How We Can Turn Piles of Raw Data Into Usable Knowledge? How do you know you’re comparing apples to apples? Scientists from every discipline have more data than ever, but it’s only as useful as the meaning behind it. Enter the concept of Data Harmony.
Every bit of information is only explained by the context in which it was gathered, and often in the context in which it is used. “There is no such thing as raw data,” says Bill Anderson of the School of Information at the University of Texas at Austin and associate editor of the CODATA Data Science Journal.
Take the number 37, Anderson says. Other than stating a numerical order, it means little on its own.
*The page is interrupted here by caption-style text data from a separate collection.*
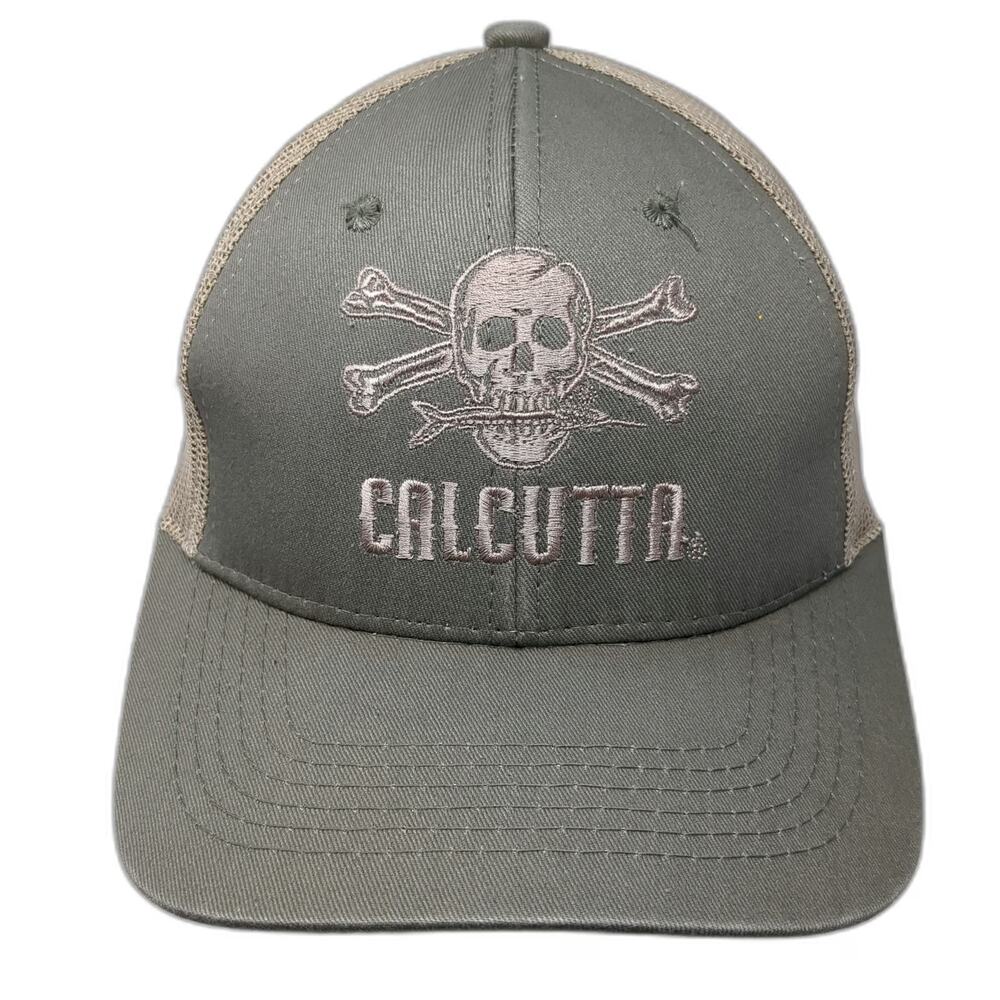 Calcutta Trucker Hat Gray Beige One Size Skull Crossbones Fish Mesh Snapback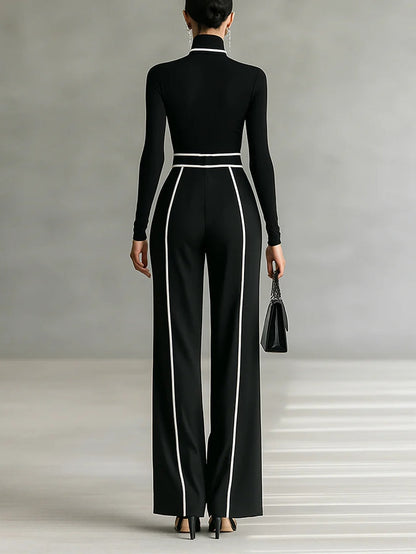 Emma ❘ Conjunto elegante de dos piezas con cuello alto y pantalón ancho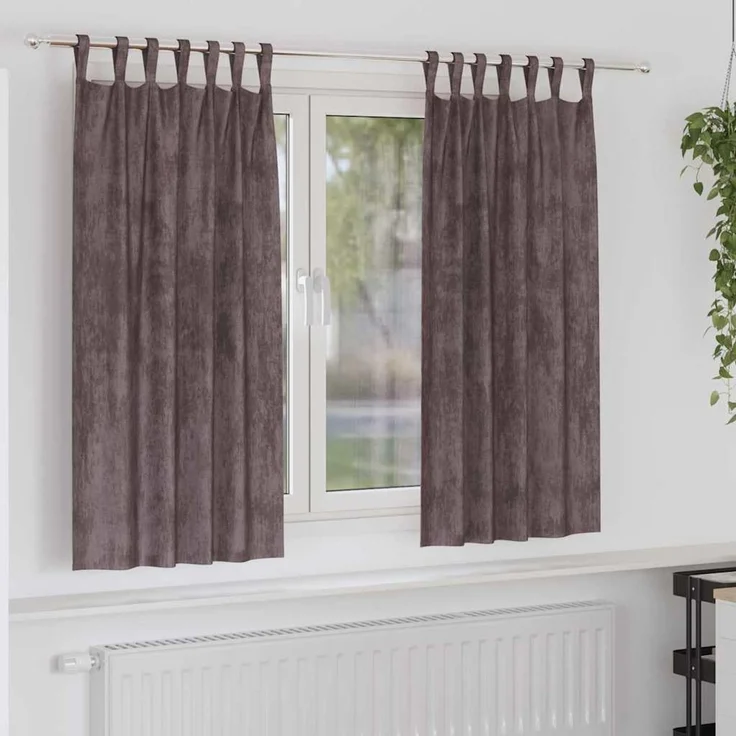 vidaXL Samtvorhänge 2 stk. Braun 175 x 140 cm Samt 4107729 – Bild 2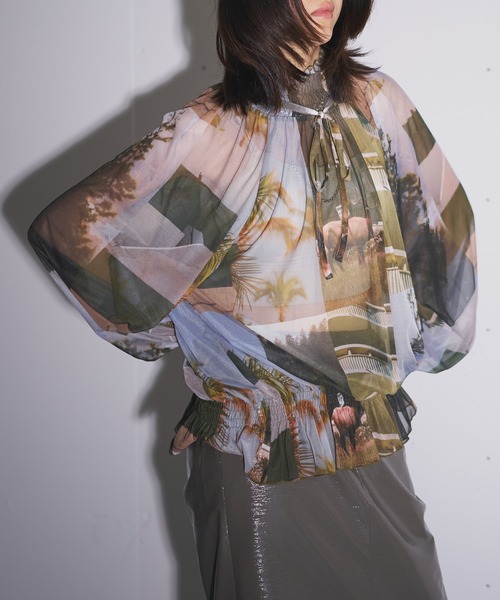 MIDVEIN（ミッドヴェイン）の「shirring ribbon print tulle blouse（シャツ/ブラウス・レディース・マルチ・FREE）」の12枚目の写真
But with some more information — 37 degrees Celsius, for instance — it can take on more meaning. Now give it some context: 37 degrees C is normal body temperature. Now 37 represents something useful, something a doctor or researcher could use, and it becomes a piece of knowledge that could comfort a patient or answer a question. (my own favorite 37 is NY Yankee, Casey Stengel, who famously said “All right everyone, line up alphabetically according to your height.”)
A scientist may think he’s gathering data for one experiment, but increasingly, the records will be used by many more people than just his research team — it will be parsed and re-parsed, dumped into databases and models, and scrutinized by several different teams in different disciplines. Without proper context and record-keeping, it can be difficult for others to use data in new ways, but better data husbandry can help. That way, scientists can be assured their data is congruent and they’re comparing apples to apples, or normal body temperature to high temperature, as it were.